These days, Republicans and Democrats can’t agree on immigration, deficits, student loans, the farm bill, or just about anything else. So last night’s sudden breakout of bipartisanship was entirely unexpected. The catalyst wasn’t any piece of legislation, alas, but the cultural phenomenon of Sharknado, the Syfy channel’s terrible/awesome B-movie about a gigantic tornado that sucks up millions of ferocious sharks from the Pacific Ocean and rains them down on a terrified Los Angeles. (For anyone who missed it, here’s the trailer.)
Even before the movie started, at 9 p.m. Eastern time, it was generating unusual Twitter buzz. That traffic exploded as the Sharknado got going, oddly finding its most passionate audience among political types of both parties, who had a weird kind of moment as the movie progressed.

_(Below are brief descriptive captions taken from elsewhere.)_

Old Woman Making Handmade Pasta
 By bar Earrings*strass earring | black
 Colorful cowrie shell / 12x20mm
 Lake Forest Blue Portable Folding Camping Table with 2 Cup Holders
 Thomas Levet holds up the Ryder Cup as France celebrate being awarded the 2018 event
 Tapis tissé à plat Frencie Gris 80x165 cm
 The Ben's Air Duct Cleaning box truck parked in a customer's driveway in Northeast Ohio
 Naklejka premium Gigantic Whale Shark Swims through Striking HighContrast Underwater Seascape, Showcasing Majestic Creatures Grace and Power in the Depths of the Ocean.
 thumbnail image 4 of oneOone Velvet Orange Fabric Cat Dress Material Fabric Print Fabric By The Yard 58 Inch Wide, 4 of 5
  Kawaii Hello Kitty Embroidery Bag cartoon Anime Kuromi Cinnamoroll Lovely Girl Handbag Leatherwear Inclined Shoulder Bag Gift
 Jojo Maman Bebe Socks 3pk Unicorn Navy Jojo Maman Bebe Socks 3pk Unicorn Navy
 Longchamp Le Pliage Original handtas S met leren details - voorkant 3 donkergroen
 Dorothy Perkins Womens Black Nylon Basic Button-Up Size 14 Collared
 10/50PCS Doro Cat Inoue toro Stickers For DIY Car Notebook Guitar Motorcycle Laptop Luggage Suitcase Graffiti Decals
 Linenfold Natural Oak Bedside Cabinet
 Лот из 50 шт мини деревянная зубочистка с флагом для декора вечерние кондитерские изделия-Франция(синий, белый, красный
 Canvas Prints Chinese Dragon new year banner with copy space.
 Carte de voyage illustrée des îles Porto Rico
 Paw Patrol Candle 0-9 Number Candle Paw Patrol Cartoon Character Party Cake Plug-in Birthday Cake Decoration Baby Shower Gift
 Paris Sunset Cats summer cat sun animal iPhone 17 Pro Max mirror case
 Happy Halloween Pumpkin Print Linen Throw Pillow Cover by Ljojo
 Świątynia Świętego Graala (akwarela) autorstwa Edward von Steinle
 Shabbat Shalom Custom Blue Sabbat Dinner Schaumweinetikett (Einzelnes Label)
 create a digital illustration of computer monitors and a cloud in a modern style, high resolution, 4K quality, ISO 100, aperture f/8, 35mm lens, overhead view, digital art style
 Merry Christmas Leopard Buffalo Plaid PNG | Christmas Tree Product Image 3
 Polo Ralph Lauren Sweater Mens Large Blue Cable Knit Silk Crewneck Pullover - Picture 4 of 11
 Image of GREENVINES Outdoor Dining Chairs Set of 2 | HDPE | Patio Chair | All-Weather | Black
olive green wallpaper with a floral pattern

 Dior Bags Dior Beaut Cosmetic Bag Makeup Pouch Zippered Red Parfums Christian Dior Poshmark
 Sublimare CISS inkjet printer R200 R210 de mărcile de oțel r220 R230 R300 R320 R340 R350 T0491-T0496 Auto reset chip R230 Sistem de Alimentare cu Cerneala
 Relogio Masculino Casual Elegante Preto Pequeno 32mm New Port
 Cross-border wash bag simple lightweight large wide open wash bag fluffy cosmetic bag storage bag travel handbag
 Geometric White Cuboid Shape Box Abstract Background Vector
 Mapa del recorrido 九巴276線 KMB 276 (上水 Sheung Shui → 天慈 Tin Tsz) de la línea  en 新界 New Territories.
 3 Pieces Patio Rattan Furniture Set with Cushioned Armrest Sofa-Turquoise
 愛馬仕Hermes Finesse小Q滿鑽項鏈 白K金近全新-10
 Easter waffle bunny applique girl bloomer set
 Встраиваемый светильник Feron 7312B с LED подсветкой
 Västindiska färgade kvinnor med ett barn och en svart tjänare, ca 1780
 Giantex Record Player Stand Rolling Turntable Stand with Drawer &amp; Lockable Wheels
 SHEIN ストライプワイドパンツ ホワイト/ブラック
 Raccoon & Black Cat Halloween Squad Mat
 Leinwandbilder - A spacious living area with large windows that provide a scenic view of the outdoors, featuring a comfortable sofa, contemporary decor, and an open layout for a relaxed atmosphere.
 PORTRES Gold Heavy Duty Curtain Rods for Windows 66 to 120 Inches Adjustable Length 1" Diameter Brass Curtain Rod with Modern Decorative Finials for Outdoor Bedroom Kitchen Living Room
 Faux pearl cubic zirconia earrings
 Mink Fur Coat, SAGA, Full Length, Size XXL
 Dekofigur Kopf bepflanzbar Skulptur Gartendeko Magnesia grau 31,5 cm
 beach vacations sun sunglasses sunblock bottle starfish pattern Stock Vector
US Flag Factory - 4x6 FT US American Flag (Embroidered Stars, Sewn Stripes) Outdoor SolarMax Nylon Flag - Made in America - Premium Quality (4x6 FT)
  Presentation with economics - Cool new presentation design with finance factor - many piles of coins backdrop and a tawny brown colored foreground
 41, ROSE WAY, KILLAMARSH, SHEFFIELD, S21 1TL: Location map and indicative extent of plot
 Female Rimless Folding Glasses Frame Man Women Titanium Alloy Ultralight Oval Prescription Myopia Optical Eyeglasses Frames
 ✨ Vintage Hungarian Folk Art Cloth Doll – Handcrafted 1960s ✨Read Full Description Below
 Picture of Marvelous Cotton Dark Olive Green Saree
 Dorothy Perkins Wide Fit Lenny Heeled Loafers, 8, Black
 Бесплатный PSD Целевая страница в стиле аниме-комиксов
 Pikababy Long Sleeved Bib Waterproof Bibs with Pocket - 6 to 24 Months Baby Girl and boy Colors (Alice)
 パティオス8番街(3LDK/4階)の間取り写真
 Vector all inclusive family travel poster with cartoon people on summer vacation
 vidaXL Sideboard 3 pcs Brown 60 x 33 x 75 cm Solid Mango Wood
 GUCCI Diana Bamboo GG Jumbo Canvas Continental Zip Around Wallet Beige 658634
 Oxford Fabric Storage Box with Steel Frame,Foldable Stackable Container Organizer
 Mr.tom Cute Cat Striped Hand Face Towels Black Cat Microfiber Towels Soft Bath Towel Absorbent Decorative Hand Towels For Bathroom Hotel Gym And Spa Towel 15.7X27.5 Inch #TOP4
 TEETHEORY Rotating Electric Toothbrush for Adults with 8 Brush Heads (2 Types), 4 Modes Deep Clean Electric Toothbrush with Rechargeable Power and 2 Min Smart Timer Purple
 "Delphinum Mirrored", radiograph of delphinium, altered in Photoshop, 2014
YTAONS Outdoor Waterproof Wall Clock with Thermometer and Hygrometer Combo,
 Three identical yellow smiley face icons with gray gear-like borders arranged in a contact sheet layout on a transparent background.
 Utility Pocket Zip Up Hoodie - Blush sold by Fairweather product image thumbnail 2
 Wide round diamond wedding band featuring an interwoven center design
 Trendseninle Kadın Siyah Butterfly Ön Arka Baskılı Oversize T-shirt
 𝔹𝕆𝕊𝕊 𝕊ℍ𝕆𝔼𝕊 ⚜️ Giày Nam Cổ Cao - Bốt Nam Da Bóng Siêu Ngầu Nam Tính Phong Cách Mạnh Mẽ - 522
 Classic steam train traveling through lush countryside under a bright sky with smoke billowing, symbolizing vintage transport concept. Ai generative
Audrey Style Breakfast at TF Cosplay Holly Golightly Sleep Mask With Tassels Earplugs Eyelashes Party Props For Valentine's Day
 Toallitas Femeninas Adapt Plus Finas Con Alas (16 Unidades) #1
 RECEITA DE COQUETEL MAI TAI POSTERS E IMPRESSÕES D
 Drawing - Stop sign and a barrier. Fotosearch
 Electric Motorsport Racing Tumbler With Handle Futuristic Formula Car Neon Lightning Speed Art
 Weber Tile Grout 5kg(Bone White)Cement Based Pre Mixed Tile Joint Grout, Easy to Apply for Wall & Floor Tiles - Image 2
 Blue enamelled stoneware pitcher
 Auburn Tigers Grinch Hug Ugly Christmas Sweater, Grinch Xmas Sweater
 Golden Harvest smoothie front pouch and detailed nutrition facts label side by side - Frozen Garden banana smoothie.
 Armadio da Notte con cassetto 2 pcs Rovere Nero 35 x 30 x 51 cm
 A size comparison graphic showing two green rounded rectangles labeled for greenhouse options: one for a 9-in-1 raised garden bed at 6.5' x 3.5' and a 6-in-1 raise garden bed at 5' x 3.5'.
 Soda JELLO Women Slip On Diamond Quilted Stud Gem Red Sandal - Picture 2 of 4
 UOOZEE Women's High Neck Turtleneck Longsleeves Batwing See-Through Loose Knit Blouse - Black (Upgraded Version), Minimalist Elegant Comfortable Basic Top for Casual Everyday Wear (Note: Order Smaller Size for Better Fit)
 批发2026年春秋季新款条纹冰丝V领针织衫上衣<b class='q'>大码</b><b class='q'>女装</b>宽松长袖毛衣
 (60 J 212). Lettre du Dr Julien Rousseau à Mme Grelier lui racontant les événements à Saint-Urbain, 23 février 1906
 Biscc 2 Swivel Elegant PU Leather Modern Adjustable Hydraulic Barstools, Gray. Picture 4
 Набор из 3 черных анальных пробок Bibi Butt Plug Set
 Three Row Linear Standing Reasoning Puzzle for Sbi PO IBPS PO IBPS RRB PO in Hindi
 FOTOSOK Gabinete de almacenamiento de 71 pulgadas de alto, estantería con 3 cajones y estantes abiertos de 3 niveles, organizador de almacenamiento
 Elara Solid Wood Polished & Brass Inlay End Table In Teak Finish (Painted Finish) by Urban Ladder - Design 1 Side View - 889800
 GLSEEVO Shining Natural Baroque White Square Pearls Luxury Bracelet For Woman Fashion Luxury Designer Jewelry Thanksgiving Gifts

Call it “B-movie bipartisanship.”
Turns out this may be no accident. Afterward, I asked a Republican ad buyer—Will Feltus, the senior vice president of research at National Media—if he had any demographic information on Syfy’s audience. He did. As the chart below illustrates, that audience is almost perfectly bipartisan, the movie appealing in equal measure to Republicans and Democrats:
So the good news is that it turns out Washington *is* still capable of coming together and agreeing on something. The bad news is that that “something” (spoiler alert) is a crappy movie filled with CGI sharks whose pivotal moment involves former Beverly Hills 90210 star Ian Ziering chain-sawing himself out of a Great White that has gobbled him up.